### DATA IN THIS EXERCISE
◆ ◆ ◆

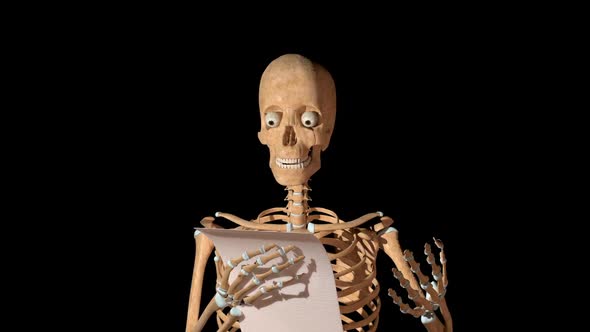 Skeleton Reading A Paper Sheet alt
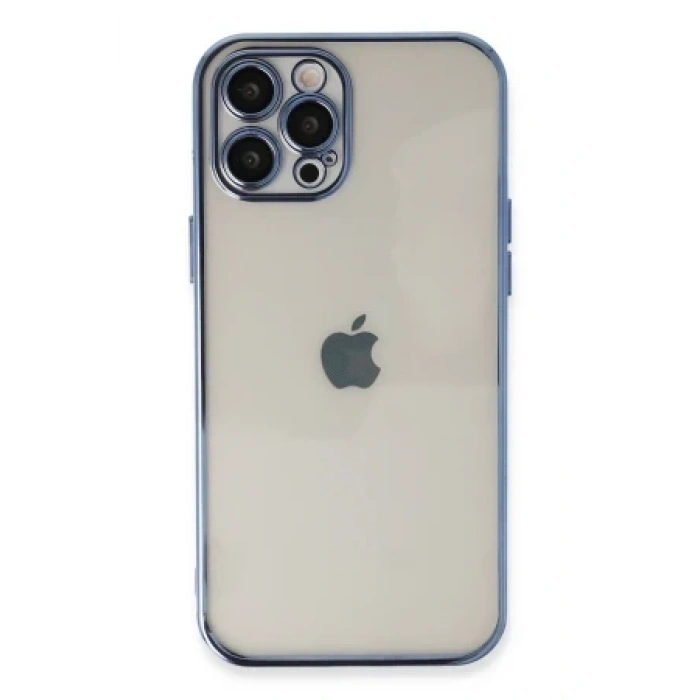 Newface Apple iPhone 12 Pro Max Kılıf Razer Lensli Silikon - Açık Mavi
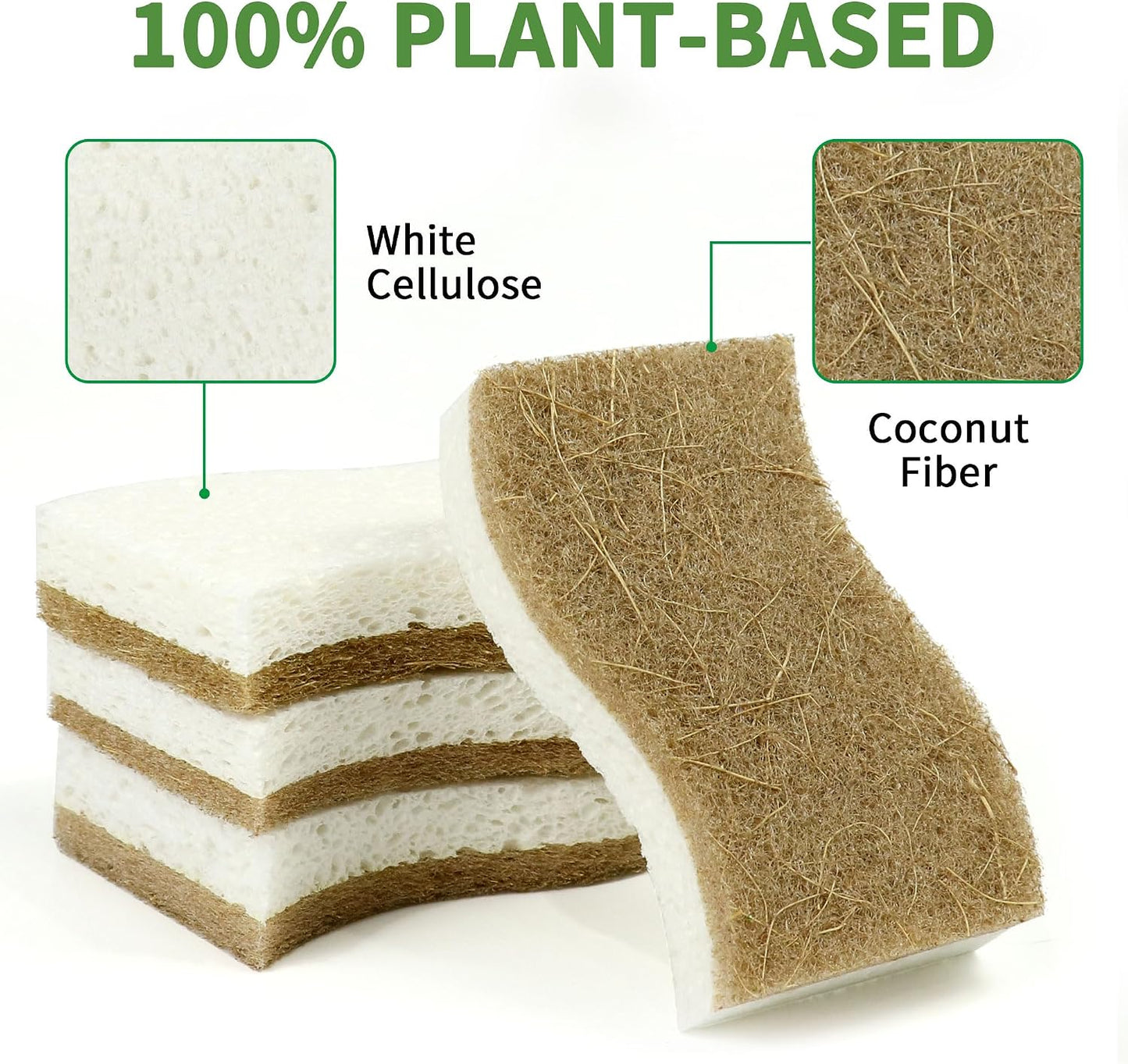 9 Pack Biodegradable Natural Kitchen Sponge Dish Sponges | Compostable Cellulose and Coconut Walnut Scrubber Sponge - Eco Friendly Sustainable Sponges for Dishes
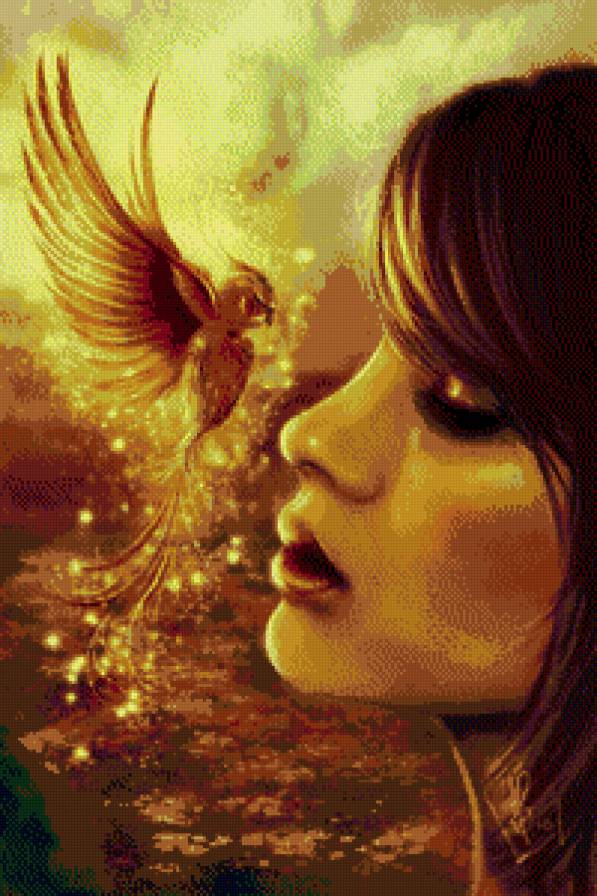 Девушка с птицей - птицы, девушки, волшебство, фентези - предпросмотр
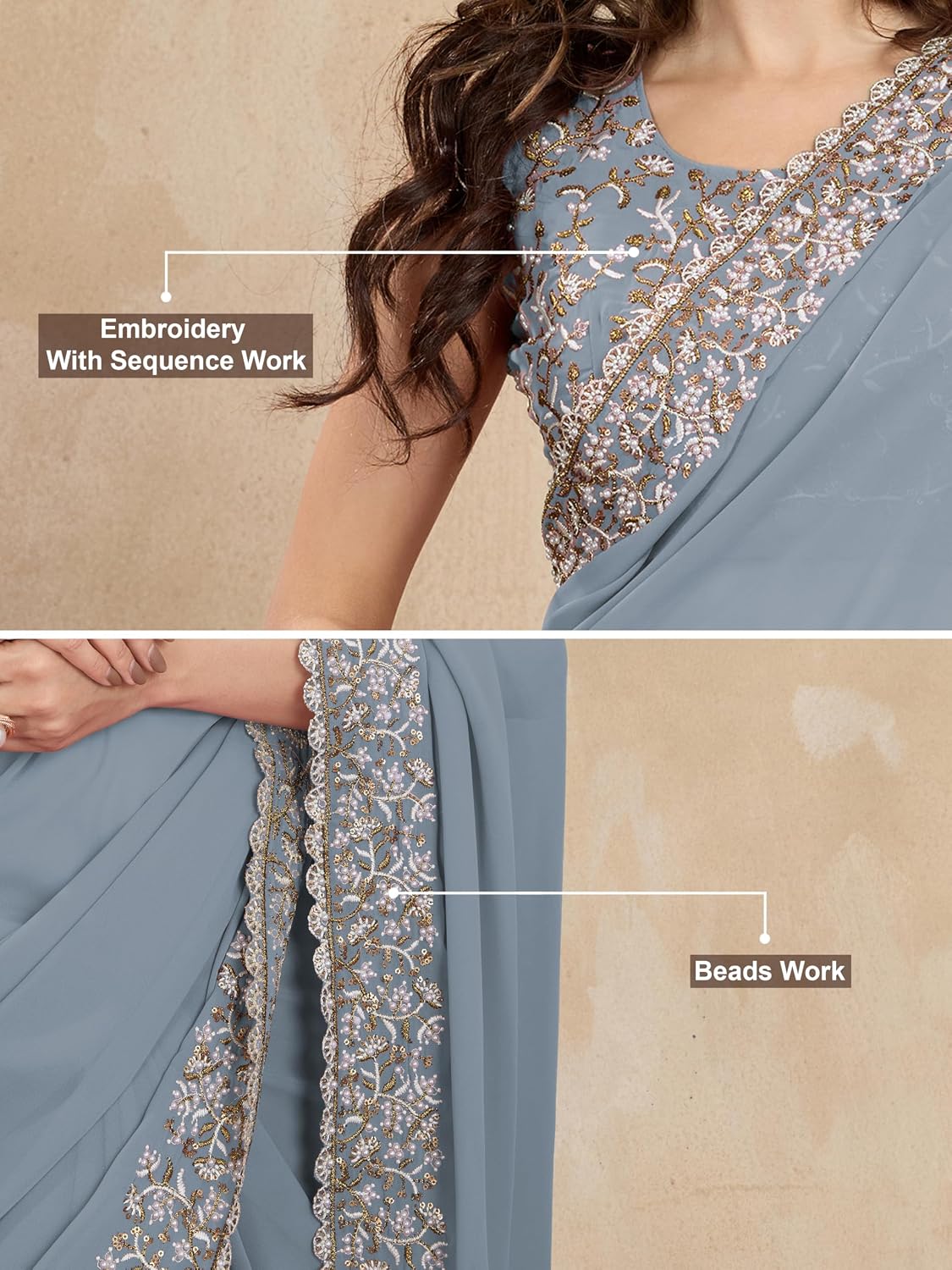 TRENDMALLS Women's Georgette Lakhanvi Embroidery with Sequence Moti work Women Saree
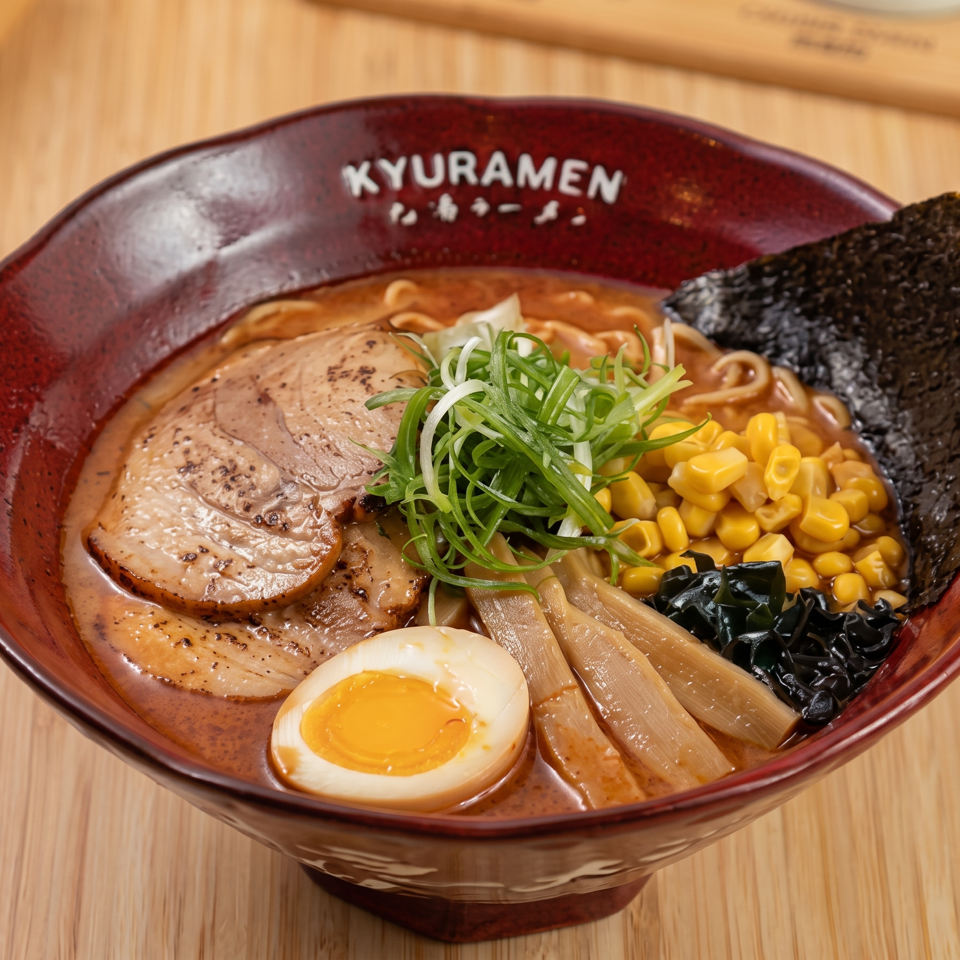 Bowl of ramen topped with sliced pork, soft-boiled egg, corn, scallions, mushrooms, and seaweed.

◆ ◆ ◆

### GOAL OF THE EXERCISE
Transcribe the listing in full. Omit the pictures and keep every line exact.

### WRITTEN RESPONSE
 Skeleton Reading A Paper Sheet alt
 Newface Apple iPhone 12 Pro Max Kılıf Razer Lensli Silikon - Açık Mavi
 9 Pack Biodegradable Natural Kitchen Sponge Dish Sponges | Compostable Cellulose and Coconut Walnut Scrubber Sponge - Eco Friendly Sustainable Sponges for Dishes
 Девушка с птицей - птицы, девушки, волшебство, фентези - предпросмотр
 TRENDMALLS Women's Georgette Lakhanvi Embroidery with Sequence Moti work Women Saree
 Bowl of ramen topped with sliced pork, soft-boiled egg, corn, scallions, mushrooms, and seaweed.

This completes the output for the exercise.